Un présentoir de prospectus, certains comme le Festival de Pâques pourraient être jetés, il termine le 21 avril et nous sommes le 25. Je n’aime pas ça, quand il n’y a pas de mise à jour, j’ai toujours trouvé que ce n’était pas pro et du laisser-aller, surtout quand les manifestations sont vieilles de plusieurs semaines, voire de plusieurs mois. Pour ça, il existe les archives. Dans mon job à l’accueil de l’Office de Tourisme puis dans le domaine de la communication et de la culture à la Ville, c’était une priorité d’abord pour mon employeur et ensuite pour moi tout simplement, des dépliants qui collent à l’actualité ou se projettent dans l’avenir. Tout comme pour les affiches, c’est l’image de l’entreprise. Hélas, je me suis rendue compte que le personnel n’était plus formé pour ça de nos jours et que ce n’était plus vraiment important. Le reste m’a l’air bon : Festiblues, Mission locale, la 2ème Biennale de Céramique à Guebwiller, la saison à la salle Europe, ah non, encore un qui est périmé, le concert Zélie du 3 avril aux Tanzmatten. À côté c’est le vestiaire représenté par un portique, une armée de cintres, un chapeau noir (peut-être celui du directeur), un casque de vélo, un manteau noir, trois longs parapluies noirs, Et au-dessus une belle sculpture de Jean-Luc Schické, un homme avec une valise et un manteau bleu, de longues ailes effilées qui pointent vers le haut. Je connais bien l’artiste qui habite à quelques pas de chez moi, je ne savais pas que Lézard avait cette œuvre.

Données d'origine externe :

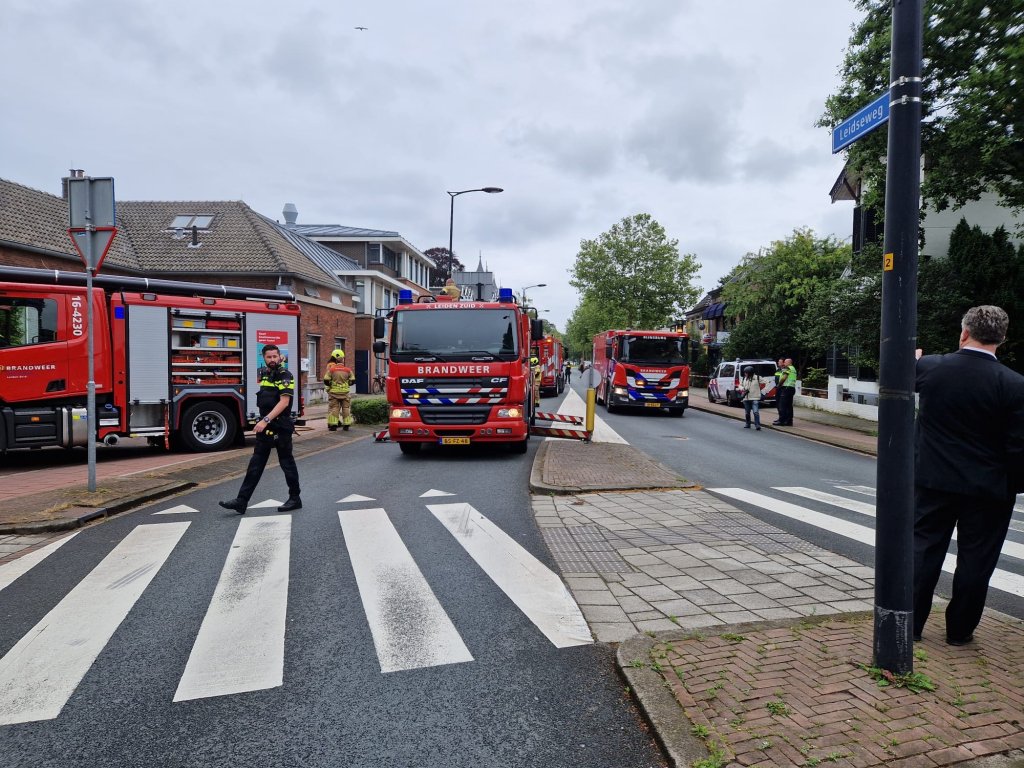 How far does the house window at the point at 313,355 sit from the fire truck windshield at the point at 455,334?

Le carillon de la porte d’entrée n’arrête pas de sonner, c’est juste à côté de moi, plusieurs visiteurs qui viennent pour l’exposition.

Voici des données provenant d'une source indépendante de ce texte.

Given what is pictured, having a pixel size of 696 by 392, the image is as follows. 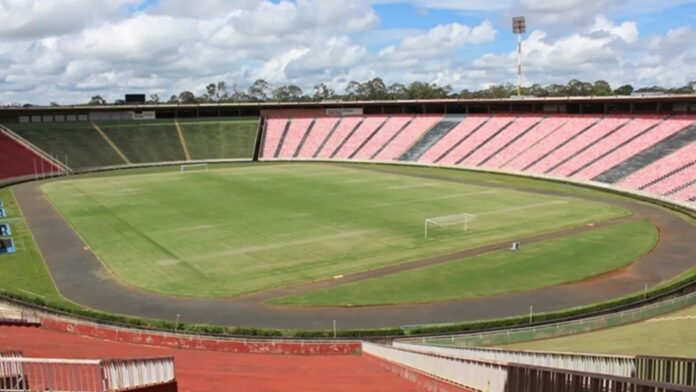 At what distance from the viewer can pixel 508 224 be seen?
152ft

Du courant d’air, je suis fatiguée, je vais m’arrêter.
Solange
1-Une maison, au bord de la grande route, juste à l’angle de deux routes. Un peu décrépie, mais encore en bon état. Tous volets clos. Style différent entre le Rez de Chaussée et les étages. Que se passe-t-il à l’intérieur ? Habitée ? Une antenne sur le toit, témoin d’une autre époque.
2-Derrière la maison, un jardin. Je suis de l’autre côté de la rue, et je ne vois rien de ce jardin, seulement la clôture, avec une végétation dense derrière celle-ci. On pourrait sûrement s’y cacher. Ou que faire d’autre ?

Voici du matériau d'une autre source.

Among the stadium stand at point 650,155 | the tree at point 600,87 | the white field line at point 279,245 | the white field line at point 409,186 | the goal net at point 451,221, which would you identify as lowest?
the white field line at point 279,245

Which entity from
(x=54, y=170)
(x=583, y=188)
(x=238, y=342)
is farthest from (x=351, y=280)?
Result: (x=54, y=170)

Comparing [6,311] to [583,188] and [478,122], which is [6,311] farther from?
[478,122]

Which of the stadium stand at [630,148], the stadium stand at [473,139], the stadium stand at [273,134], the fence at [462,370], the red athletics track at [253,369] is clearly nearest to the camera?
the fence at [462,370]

3-J’ai traversé la rue, et je suis le long de la clôture sur le trottoir. Ce sont des sapins qui sont derrière la clôture, et, au travers, on distingue une sorte de pré, vide. Quelques bouteilles et des cannettes, mais surtout, rien. A quoi sert ce terrain ? A qui appartient-il ? L’environnement est ici moins bruyant, on pourrait y mettre des bancs, des transats, et s’y reposer.
4-Je me déplace le long de la clôture. Les arbustes sont moins hauts, et on voit par-dessus. Juste deux poubelles sur le terrain, et le mur de la maison, complètement aveugle. La peinture du mur est assez récente. Mais que se passe-t-il dans cette maison ? L’herbe du jardin n’est pas tondue, mais l’espace est dégagé, sans doute entretenu.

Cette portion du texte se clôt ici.